Referendum: vince il ‘NO’. Adesso quali scenari

È dalla primavera del 1993, quando il 18 e 19 aprile gli elettori furono chiamati ad esprimersi su ben 8 referendum abrogativi promossi dal Partito Radicale che son si registrava una così alta affluenza alle urne. In mezzo ben 11 tornate referendarie. Quelle: dell’11 giugno 1995 (con ben 12 quesiti), del 15 giugno 1997 (con 7 quesiti), del 18 aprile 1999 (con un solo quesito), del 21 maggio 2000 (nuovamente con 7 quesiti), del 7 ottobre 2001 (con un solo quesito), del 15 e 16 giugno 2003 (con 2 quesiti), del 12 e 13 giugno 2005 (con 4 quesiti), del 25 e 26 giugno 2006 (con un solo quesito), del 21 e 22 giugno 2009 (con 3 quesiti), del 12 e 13 giugno 2011 (con 4 quesiti) e dello scorso 17 aprile (con un solo quesito).

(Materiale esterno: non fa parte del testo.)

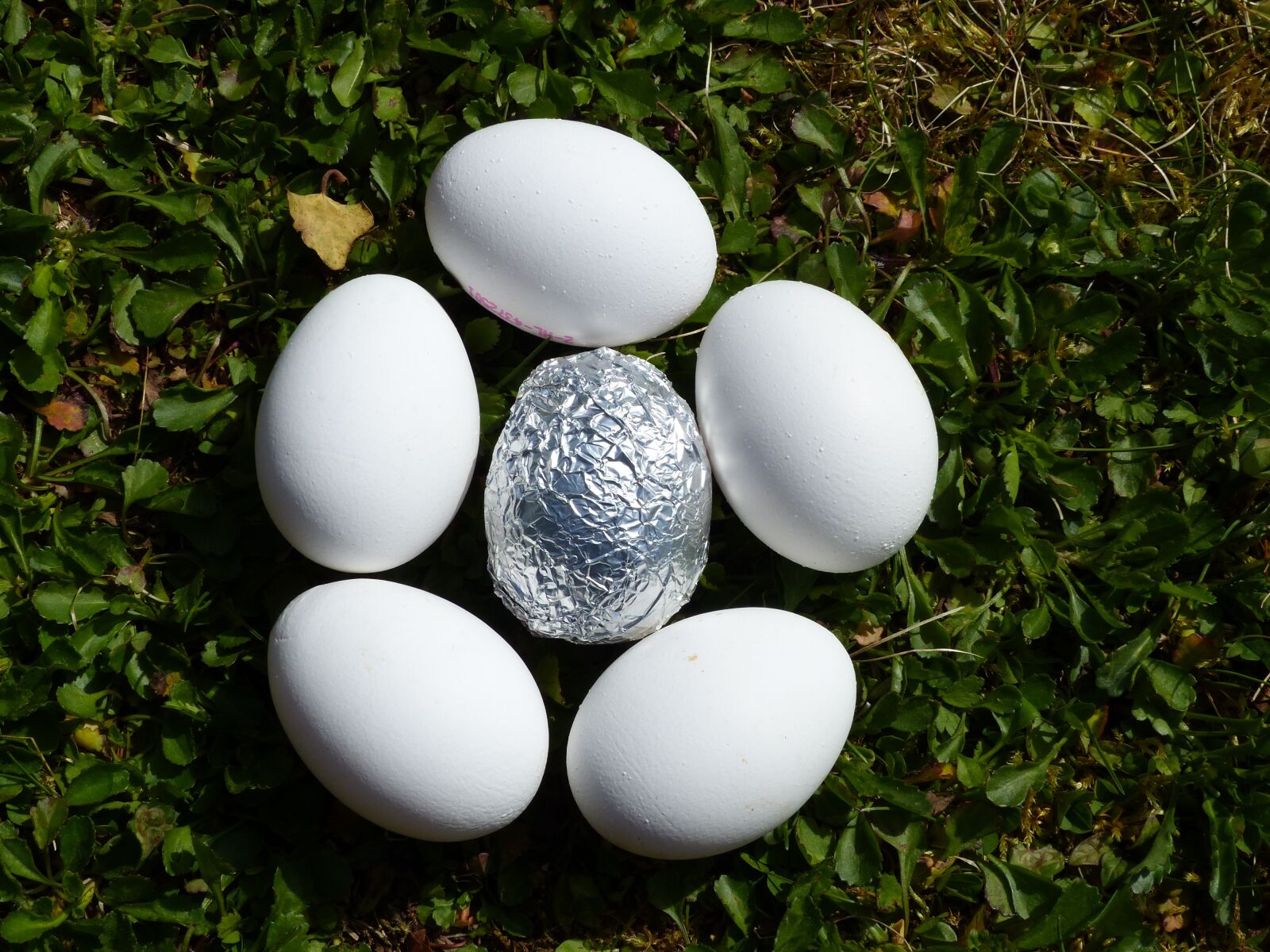 Panasonic Lumix DMC-FZ200 sample photo. Egg, nature, easter nest photography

Qualora ve lo stiate chiedendo, non è superfluo averle volute seppur sommariamente qui ricordare. Il perché è presto detto. Perché questo ci aiuta nella nostra seppur breve analisi del voto di ieri e dei possibili scenari che si aprono. Per prima cosa sgomberiamo il campo da uno spauracchio ripetutamente agitato dal fronte del “Sì” fino a pochi istanti prima del silenzio elettorale: quello che succederà adesso non è imputabile alla scelta compiuta dagli italiani. L’irresponsabilità è di chi per mesi si è messo in trincea e ha avviato questa folle campagna scandita da un’incredibile bombardamento mediatico probabilmente senza precedenti nella storia referendaria italiana. Questa volta infatti, ancor di più delle volte precedenti, in gioco non era soltanto la sorte del dettato costituzionale bensì anche della politica italiana tutta.
Mai come adesso, con un Paese allo sbando in un’Europa alla deriva quello di cui si sentiva e si sente tuttora il bisogno è di coesione nazionale. Di scelte condivise con l’elettorato e non nate dalle logiche di palazzo. Di riforme in favore dei cittadini e non dei banchieri. Di promesse mantenute e non di spot elettorali a raffica, sparati sui social. Visti i numeri con cui il ‘NO’ si è imposto le dimissioni di Matteo Renzi erano inevitabili, e questo non tanto perché in preda a furori guasconeschi lo aveva più volte annunciato – anche se sarebbe più corretto dire “minacciato” dal momento che questa era la sua logica – ma perché si è trattata di una sconfitta politica della sua persona e del terzo governo consecutivo di non eletti.
Con il loro ‘NO’ quasi 20 milioni di italiani hanno non soltanto voluto preservare la Costituzione da una modifica non condivisa, ma hanno voluto anche riaffermare il proprio diritto al volo. Il proprio diritto a scegliere chi è chiamato a rappresentarli in Italia e nel mondo; a cominciare dal palcoscenico europeo. Perché molto probabilmente se ad esempio all’elettorato fosse stato chiesto semplicemente se era d’accordo a ridurre il numero dei Parlamentari senza stravolgere il Senato ed a rendere direttamente eleggibile anche la carica del Presidente della Repubblica, il risultato sarebbe stato tutt’altro. Ed è proprio alla luce di quest’ultima considerazione che riteniamo quale unica soluzione praticabile il ritorno alle urne con lo scioglimento anticipato delle Camere dopo l’approvazione in tempi brevi, due o tre mesi al massimo, di una nuova riforma elettorale.
Quella del Presidente Mattarella non sarebbe quindi una scelta coraggiosa, ma semplicemente il voler porre rimedio – nel pieno rispetto della volontà popolare – al proliferare di governi tecnici nati sotto l’egida del suo predecessore. Pertanto questa volta lanciamolo noi un hashtag #chealtrenonseguailquattro.